Nat’l Assoc. Of Home Builders V. Defenders Of Wildlife

Arizona Pincushion Cactus.  Courtesy of NPS.

WMRS | Implementation of ESA and Related Litigation | ESA in the Supreme Court

The Limits of Section 7 of the ESA

In Nat’l Assoc. of Home Builders v. Defenders of Wildlife, the Court resolved conflicting mandatory language in Section 7 of the Endangered Species Act (ESA) and Section 402(b) of the Clean Water Act (CWA). Section 402(b) of the CWA allows the Environmental Protection Agency (EPA) to transfer water pollutant discharge permit regulating authority as established in the National Pollution Discharge Elimination System (NPDES) to states. The provision requires that the EPA “shall” allow the transfer provided that nine listed criteria are met. However, the ESA also requires that a federal agency “shall” consult with the agencies designated by the Secretary [in this case, the Fish and Wildlife Service (FWS)] to insure that the any action taken will not be likely to jeopardize the continued existence of a threatened or endangered species.1

At issue in the dispute was the EPA’s transfer of permitting authority to the state of Arizona. While the EPA claimed that it lacked discretion to comply with Section 7 of the ESA due to the mandatory language of the CWA, Defenders of Wildlife argued that Section 7 required:

  • it to consider threats to endangered species; and
  • that state authority would result in more permits being issued and thus potentially impact the endangered Pima pineapple cactus and the cactus ferruginous pygmy-owl.

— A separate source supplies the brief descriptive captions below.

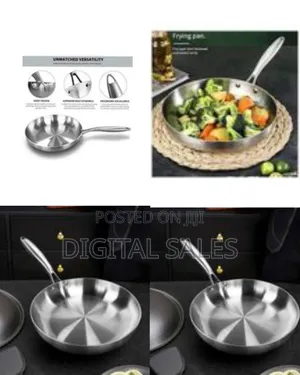 Stainless Steel Frying Pan - Silver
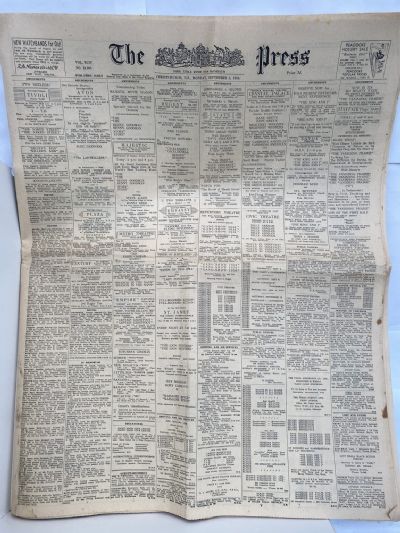 OLD NEWSPAPER: The Press, Christchurch - 3 September 1956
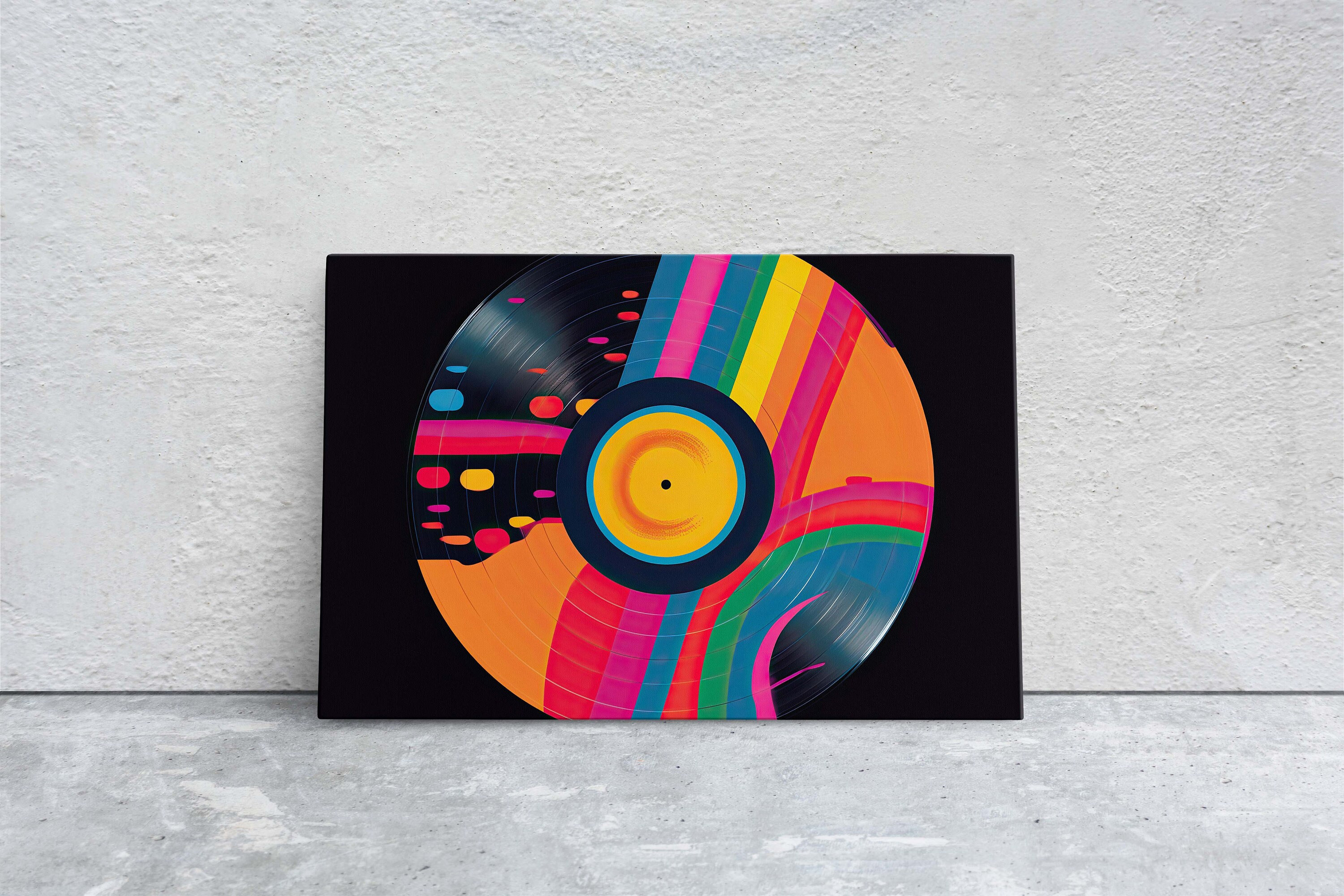 Vinyl Pop Art on Canvas, Abstract Record, Music Lover, LP Print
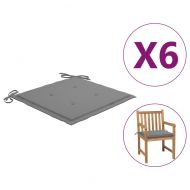 Възглавници за столове 6 бр сиви 50x50x3 см Оксфорд плат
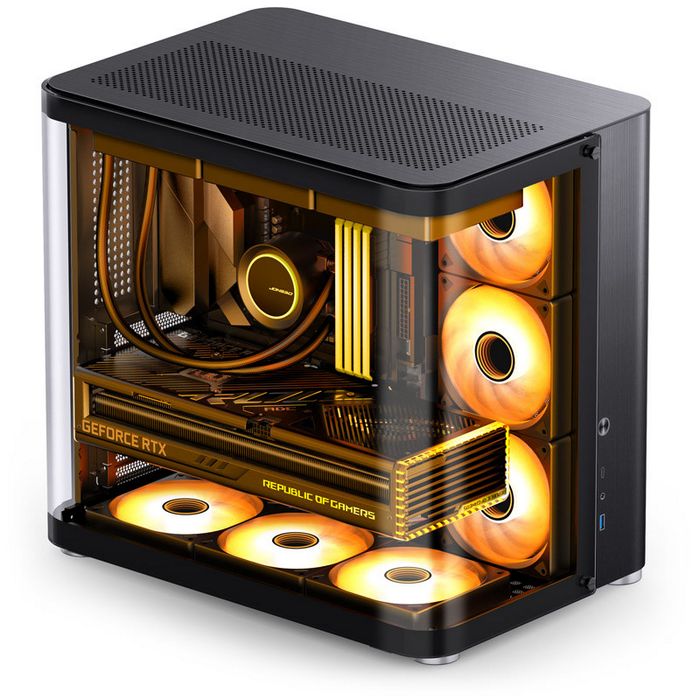 Jonsbo TK-2 2.0 Midi-Tower, Tempered Glass - black TK-2 BLACK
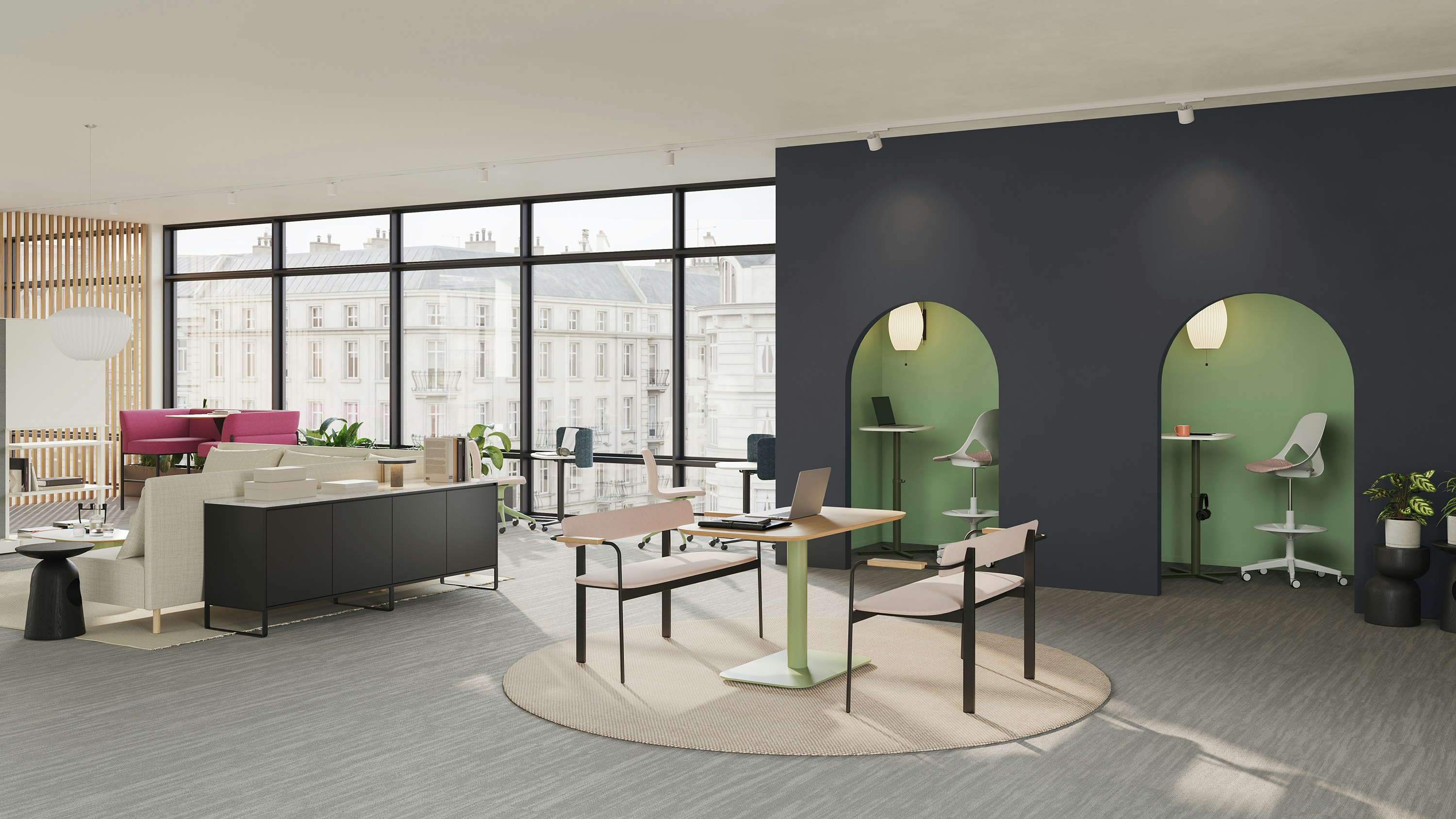 A selection of large Passport Work Tables are featured in an individual focus setting.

The Ninth Circuit held that the conflict could be harmonized by simply adding the requirements of Section 7 to Section 402(b) as a tenth criterion. The petitioners appealed.

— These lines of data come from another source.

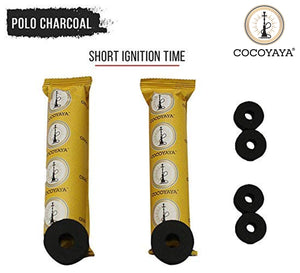 COCOYAYA Polo Quick Light Charcoal for Hookah - 2 Rolls (20 Disks)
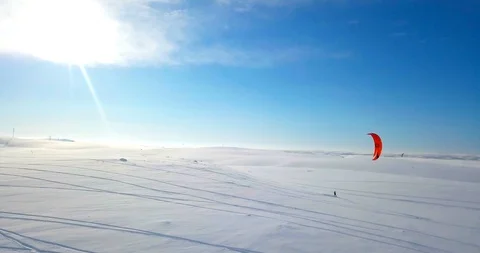 Snowkiting in the North Stock Footage 101894285
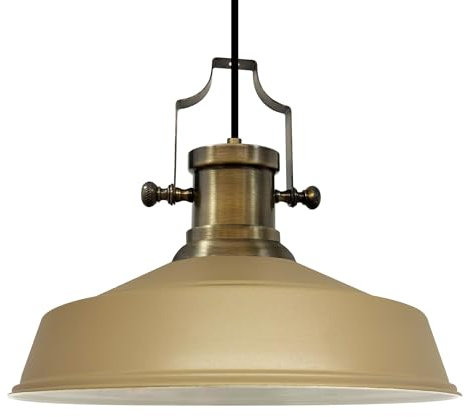 bamyum Asletl Hängelampe Industrial aus Metall Ø41 cm, Küchenlampe Vintage, Hängelampe Esstisch E27, Wohnzimmerlampe Hängend Vintage, Pendelleuchte Esstisch und Wohnzimmer, Pendelleuchte Beige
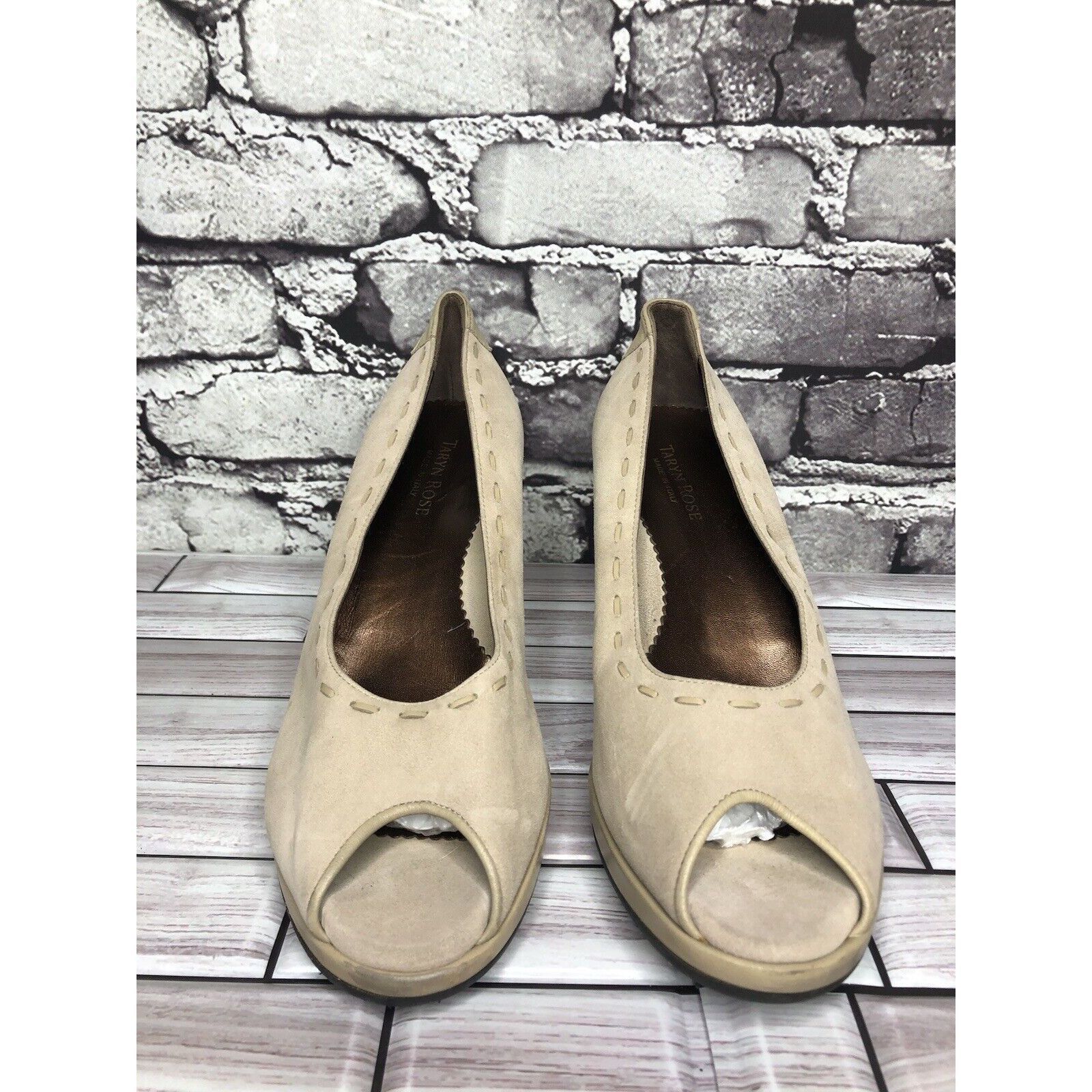 Other Taryn Rose Beige Suede Leather Peep Toe Dress High Wedges Wo Size US 9 / IT 39 - 2 Thumbnail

Justice Alito wrote for a 5-4 majority, concluding that the requirements of Section 7 of the ESA only apply to discretionary agency action. The majority relied on a regulation issued jointly by the Department of the Interior (DOI) and the National Oceanic and Atmospheric Administration (NOAA), 50 CFR § 402.03, which states that “Section 7 and the requirements of this part apply to all actions in which there is discretionary Federal involvement or control.” Because the demands of the CWA are nondiscretionary, the Court ruled that Section 7 did not apply and the transfer was valid. Justice Stevens used the same language in dissent, arguing that 50 CFR § 402.03 does not state “only apply,” and therefore was not intended to be exclusive.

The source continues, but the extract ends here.